Eén protocol houdt in dat insuline en intraveneuze vloeistoffen worden gebruikt tot de serumkaliumconcentratie lager is dan 5,5 meq per L (5,5 mmol per l). Op dit moment wordt kaliumchloride toegevoegd aan intraveneuze vloeistoffen in de hoeveelheid van 20 tot 40 mEq per L. De exacte hoeveelheid kalium die wordt toegediend hangt af van de serumkaliumconcentratie. Wanneer het serumkaliumgehalte lager is dan 3,3 mEq per L (3.3 mmol per l) is de toediening van 40 mEq per l kalium aangewezen. Als het serumkalium hoger is dan 3,3 mEq per L, maar lager dan 5,5 mEq per L, kan 20 tot 30 meq per l kalium worden toegediend.

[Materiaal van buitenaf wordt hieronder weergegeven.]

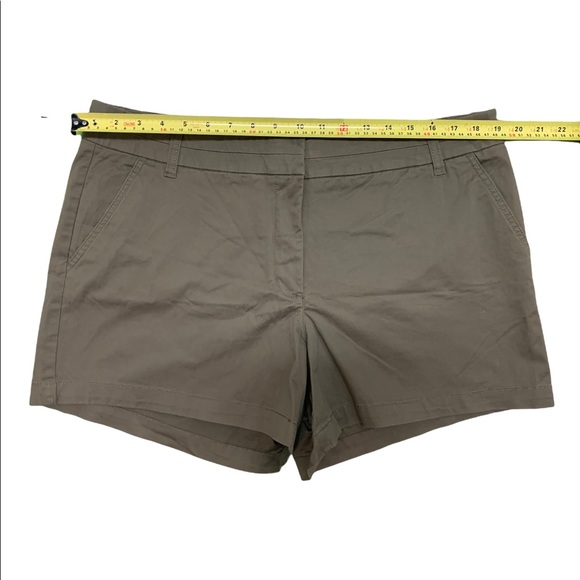 George Khaki Olive Green Preppy Shorts Neutral Plus 16 - Picture 2 of 7
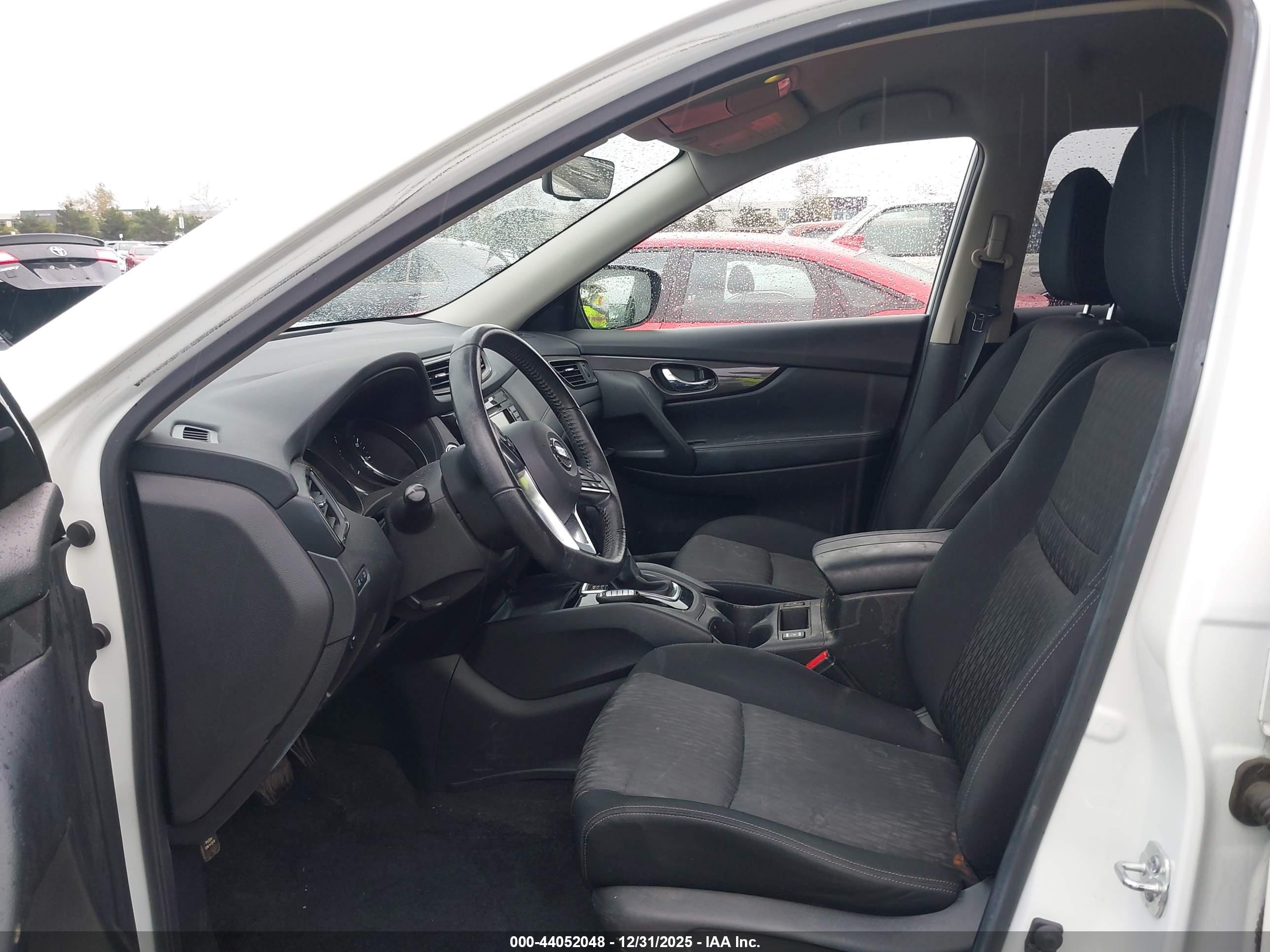 NISSAN ROGUE image 5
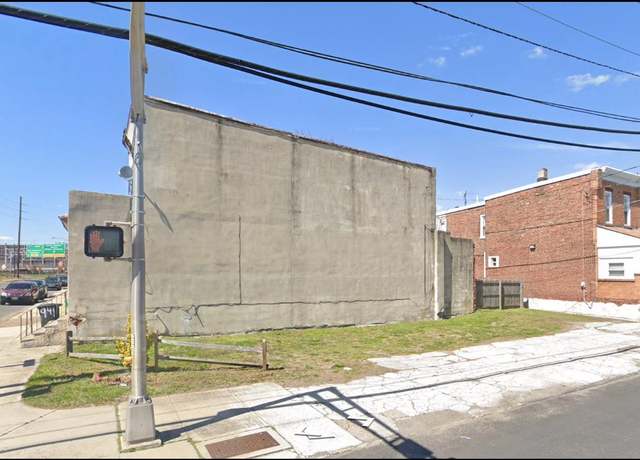 Property at 943 Penn St, Camden, NJ 08102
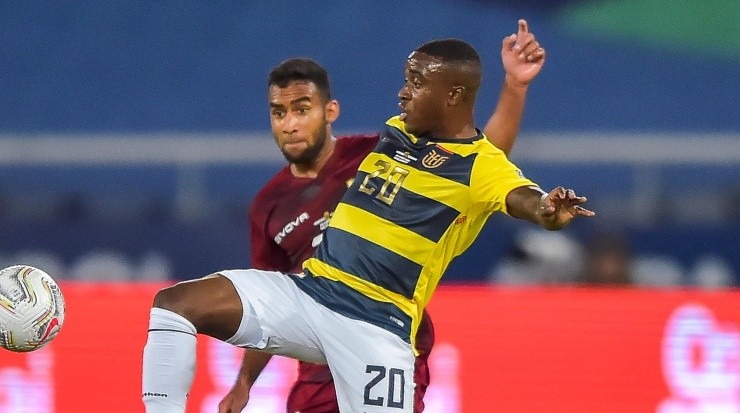 Foto: Thiago Ribeiro/AGIF - Méndez atuando pela Seleção Equatoriana. Foto: Thiago Ribeiro/AGIF - Méndez atuando pela Seleção Equatoriana.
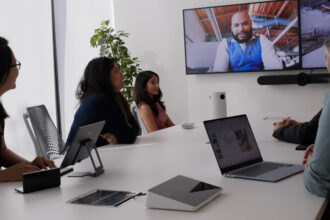 Samsung y Logitech celebran 5 años de colaboración en videoconferencias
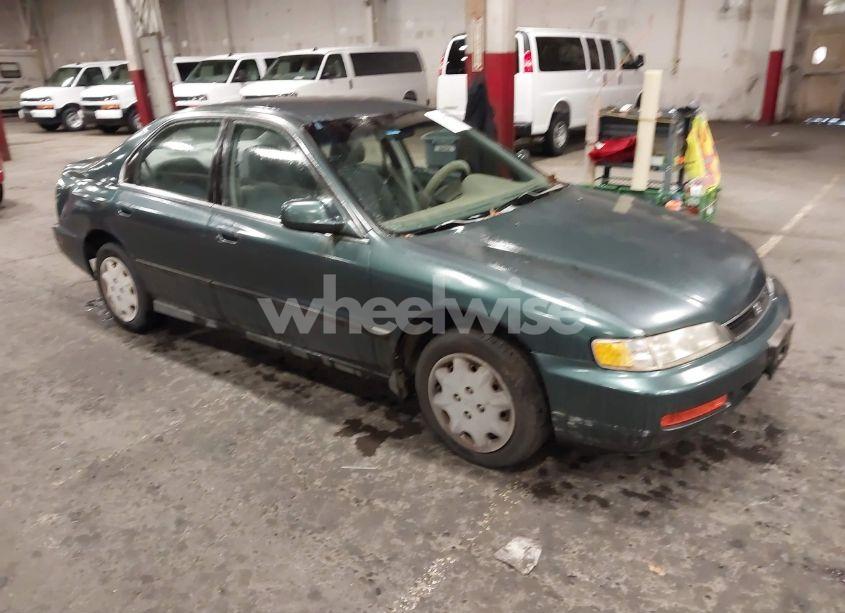 1996 Honda Accord LX/EX (VIN 1HGCD5639TA189876) main photo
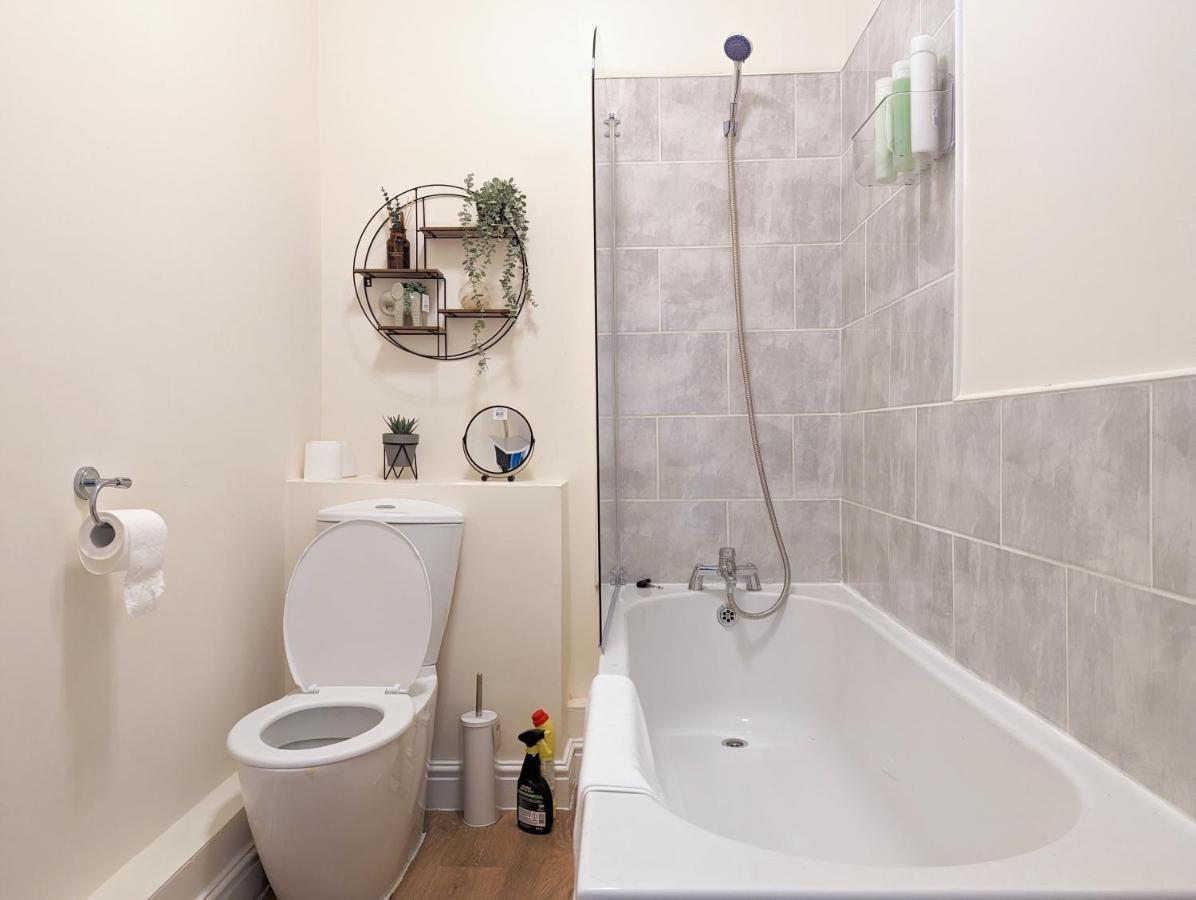 Lovely Studio In Anfield Near Centre Free Parking Liverpool Exterior foto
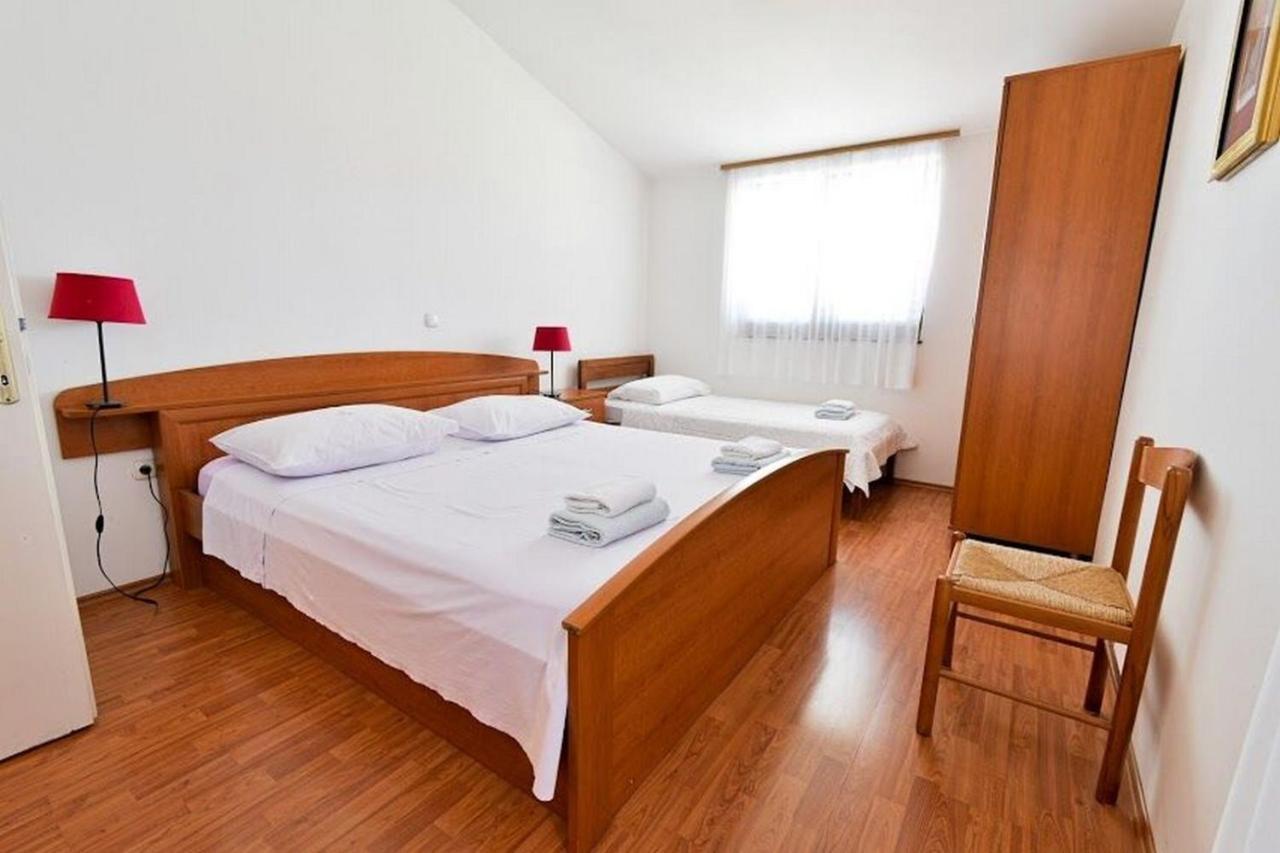 Apartments Mirko Seget Vranjica Exterior foto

Het doel is om de serumkaliumconcentratie binnen het bereik van 4 tot 5 meq per L (4 tot 5 mmol per l) te houden.1,2,6
BICARBONAATTHERAPIE
in het algemeen wordt aanvullende bicarbonaattherapie niet langer aanbevolen voor patiënten met diabetische ketoacidose, omdat de plasmaconcentratie van bicarbonaat toeneemt bij insulinetherapie.Toediening van insuline remt de lopende lipolyse en ketonproductie en bevordert ook de regeneratie van bicarbonaat.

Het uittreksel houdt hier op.